Metadata and Metamodeling

Document and Object Modeling

The WWW Consortium recommends a document model to standardize the ways XML documents are handled. W3C Document Object Model (DOM) [111] defines the object structure of W3C compliant Web pages. Level 2 and Level 3 specifications add event and abstract schema interfaces into the DOM. In detail,

  • XML Schema, and DOM Level 3 (Abstract Schema) define document object structure, 
  • DOM Level 3 (Load, Save and Validation) defines document object persistence and validity,
  • XPath and DOM Level 1 define document object constructors and access mechanisms,
  • and finally DOM Level 2 (Events) helps define event models for distributed applications.

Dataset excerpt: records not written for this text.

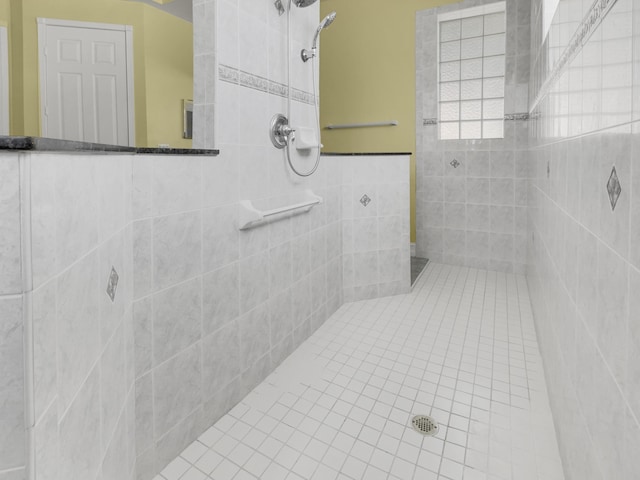 bathroom with a tile shower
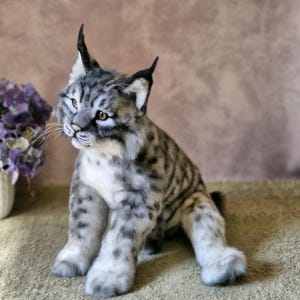 May include: A detailed, plush bobcat toy with a grey and white striped coat, black ear tufts, and yellow eyes. The handmade cat is posed sitting upright, displaying its realistic fur and features. A decorative item for cat enthusiasts.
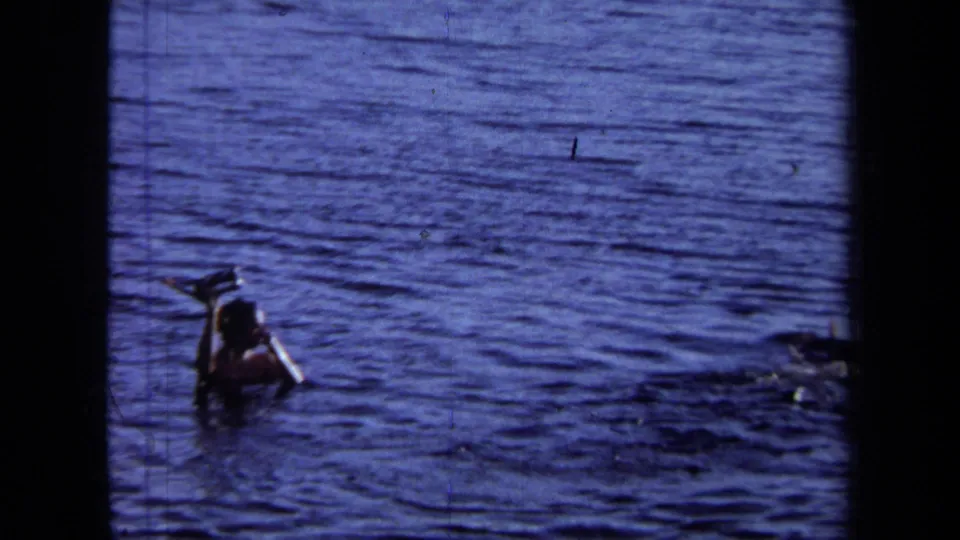In 1971 California home-movie footage, a person swims in deep blue water while holding what appears to be a camera above the surface.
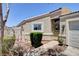 Inviting single-story home with a desert landscape and manicured front yard at 5043 Mascaro Dr, Las Vegas, NV 89122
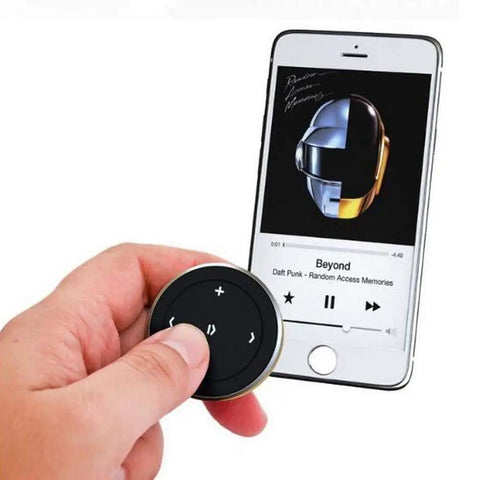 Wireless Bluetooth Car Media Button With Steering Wheel Remote next to smartphone displaying music app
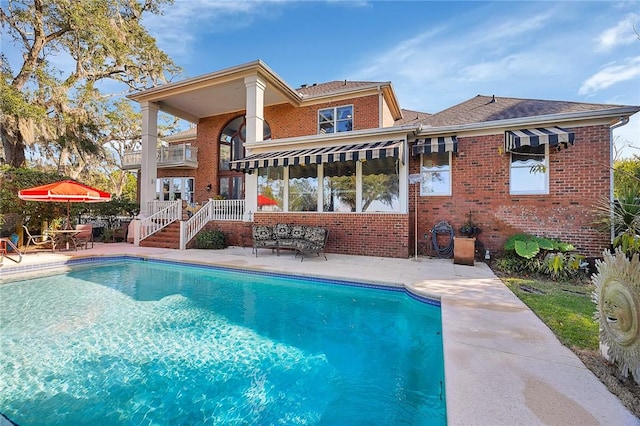 rear view of house featuring a balcony and a patio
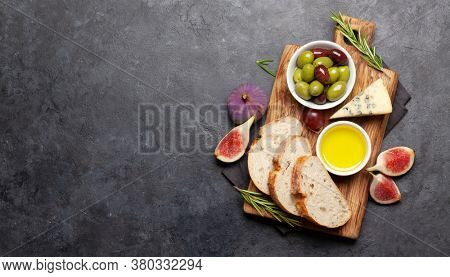 Ripe olives, olive oil, figs and ciabatta bread. Top view flat lay with copy space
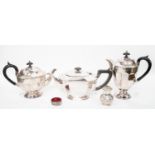 Three plated tea pots, 20th Century, along with an early 20th Century pepper pot,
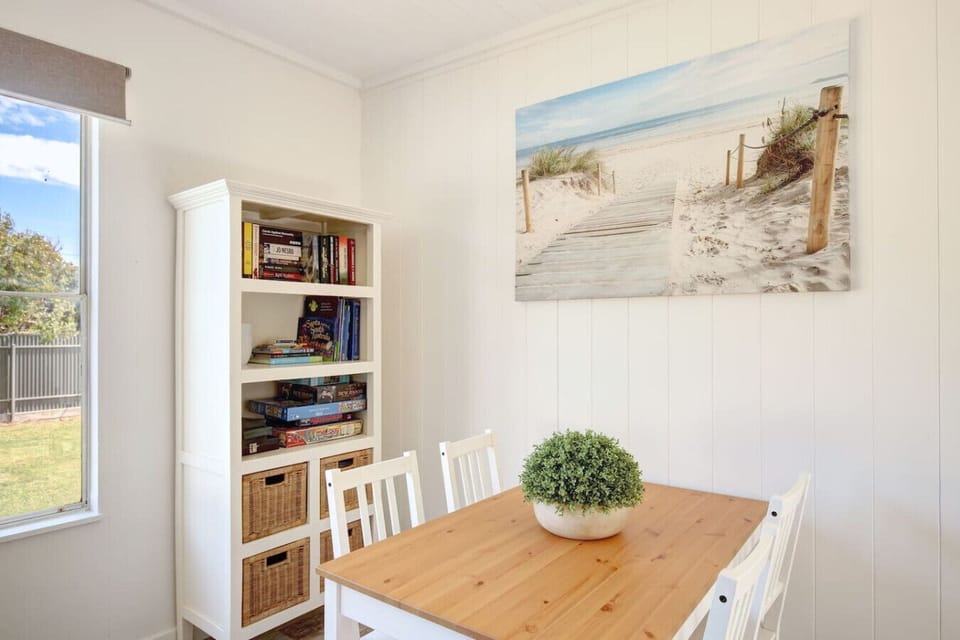 A second dining area sets the scene for game nights that stretch into the evening.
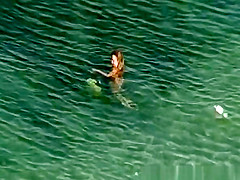 Nude woman swimming and drinking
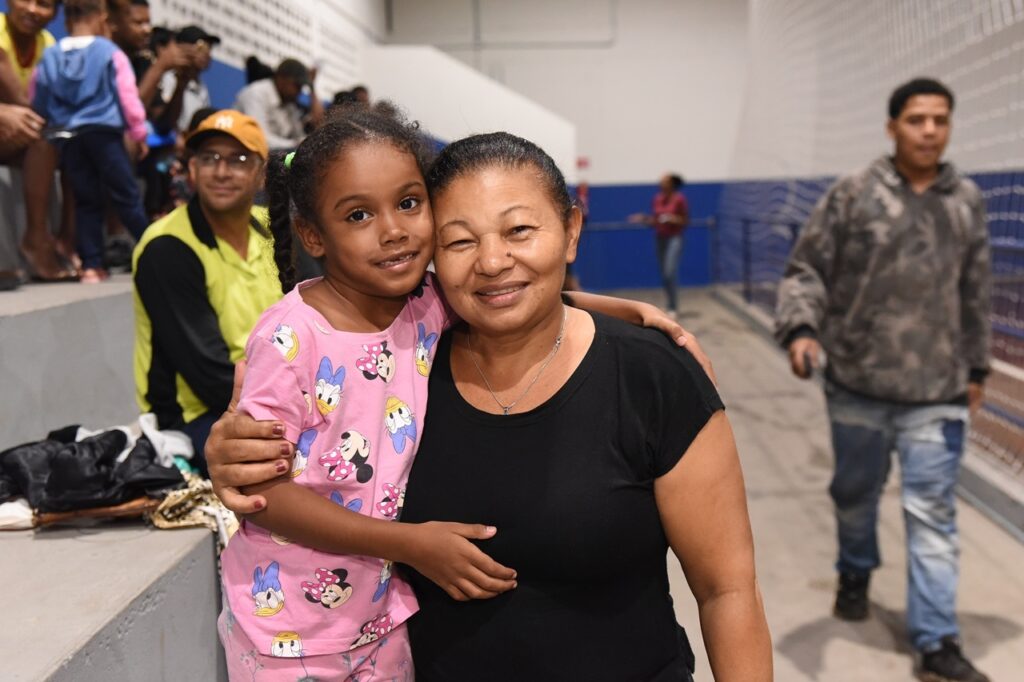 A imagem mostra uma jovem menina e uma mulher mais velha, provavelmente avó e neta, abraçadas e sorrindo para a câmera. A menina tem pele escura, cabelos trançados com detalhes verdes e veste uma camiseta rosa com personagens da Disney (Minnie Mouse e Margarida). A mulher tem pele clara, cabelos escuros presos para trás e veste uma camiseta preta. Elas estão em um ambiente interno, que parece ser uma quadra esportiva ou ginásio, com arquibancadas de concreto ao fundo. Há outras pessoas sentadas e em pé nas arquibancadas, mas o foco principal está na expressão feliz e no abraço carinhoso entre as duas. A iluminação é natural e quente, dando um clima acolhedor à cena.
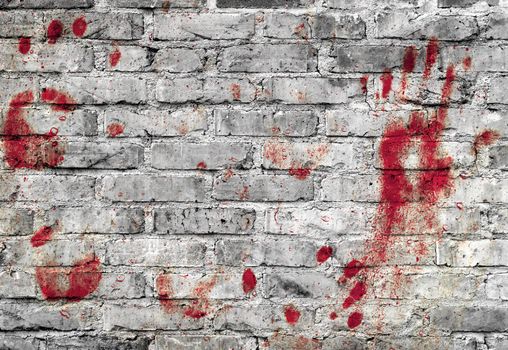 Bloody handprints and blotches of blood on grunge wall. Background for spooky content, halloween and more.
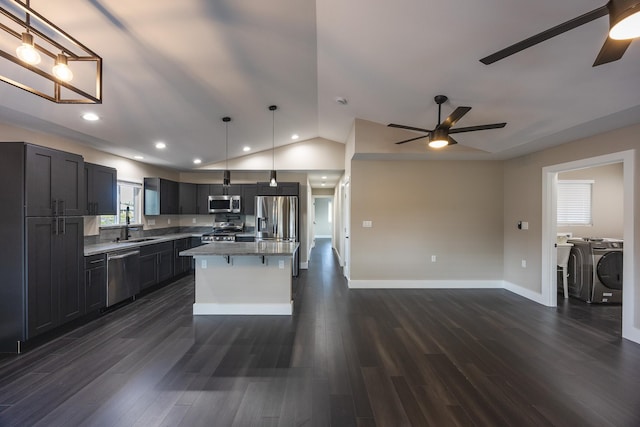 kitchen featuring a breakfast bar, dark wood finished floors, stainless steel appliances, lofted ceiling, and washing machine and dryer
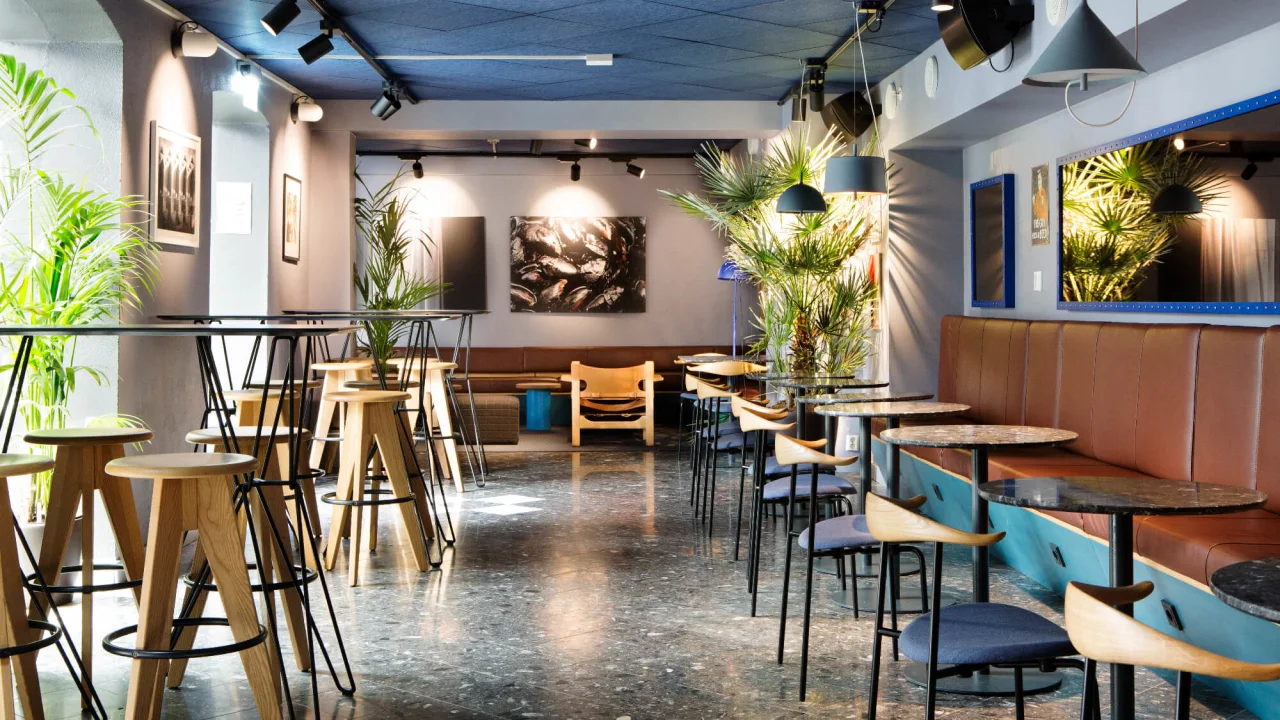 Indoor seating area at restaurant Rodins in Oslo.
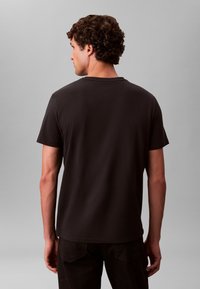 Mustast puuvillast t-särk lühikeste varrukatega, ümar kaelusega ja pehme tekstuuriga, vaadatuna tagant, kombineeritud tumedate pükstega.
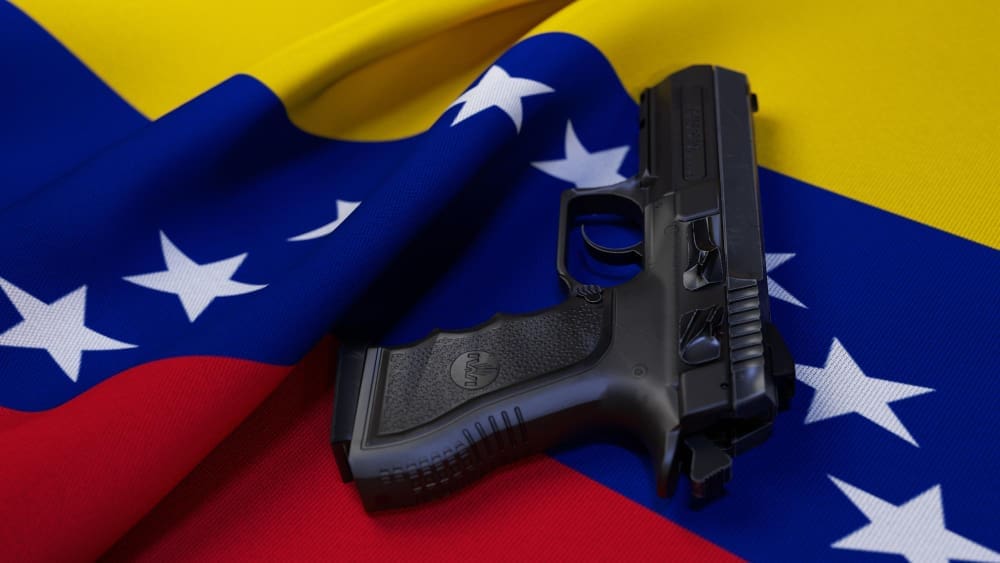 A black pistol on the flag of Venezuela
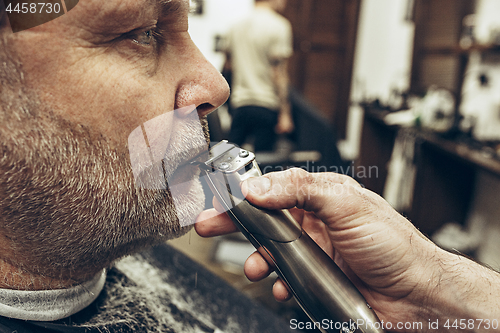 Image of Close-up side profile view portrait of handsome senior bearded caucasian man getting beard grooming in modern barbershop.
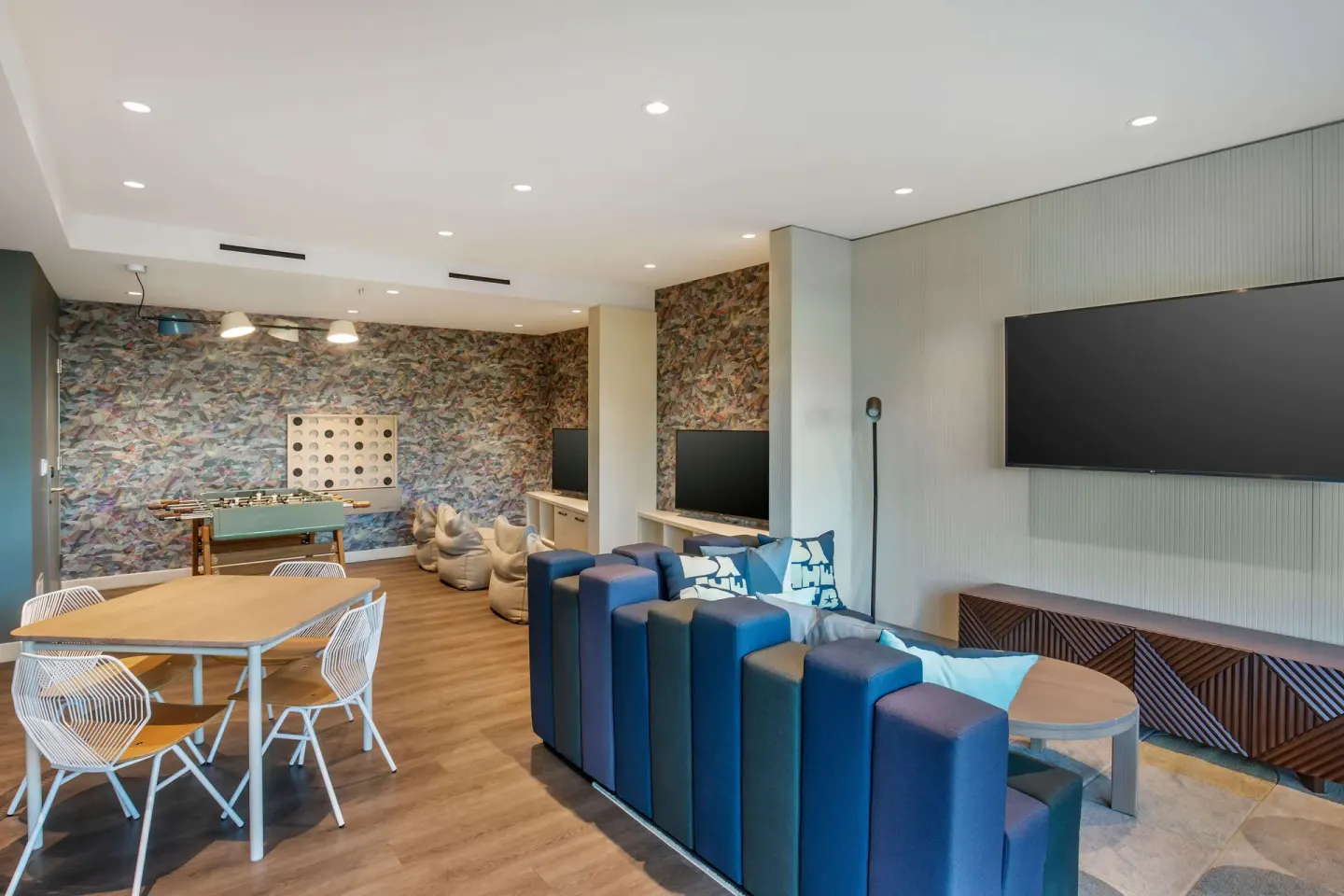 Game lounge with seating, TVs, and table games at Hilton Grand Vacations Club Maui Bay Villas.
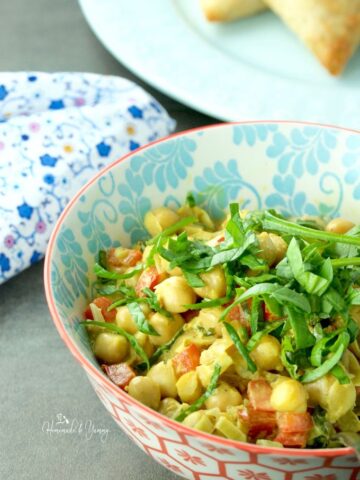 Quick Chickpea Curry is perfect for a fast and easy weeknight dinner. Flavourful with a hint of heat. Gluten free, vegan, and a great meat alternative meal. | homemadeandyummy.com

Fox [38] discusses the necessity of defining Web objects and sharing over distributed computing environments, as well as the importance of XML object architecture where he describes the XML Schema as “an elegant and powerful way of expressing an XML data instance’s general object structure” in [41]. Fox points out that not only the properties of objects but also the methods of objects must be considered as data. This approach does not distinguish between properties and methods. Indeed, XML-data binding solutions (i.e., [51, 103]) implement each schema element with a pair of setter/getter methods when programming language object models are generated from a schema. These methods can run more complex tasks, and return the results as element values. As a result, all the XML data, whether it be metadata about real objects or data about a job submission, are equivalent and can be treated as XML objects in general.

Meta Objects

XML objects are actually representatives of real objects in the world of markup languages. They contain data about objects which themselves can also be called electronic objects. We label XML objects that defines real objects XML meta objects, or metaobjects henceforth, and investigate technologies and architectures to build a framework with necessary technologies to create, manage, search, render, and share them over distributed networks and services ubiquitously.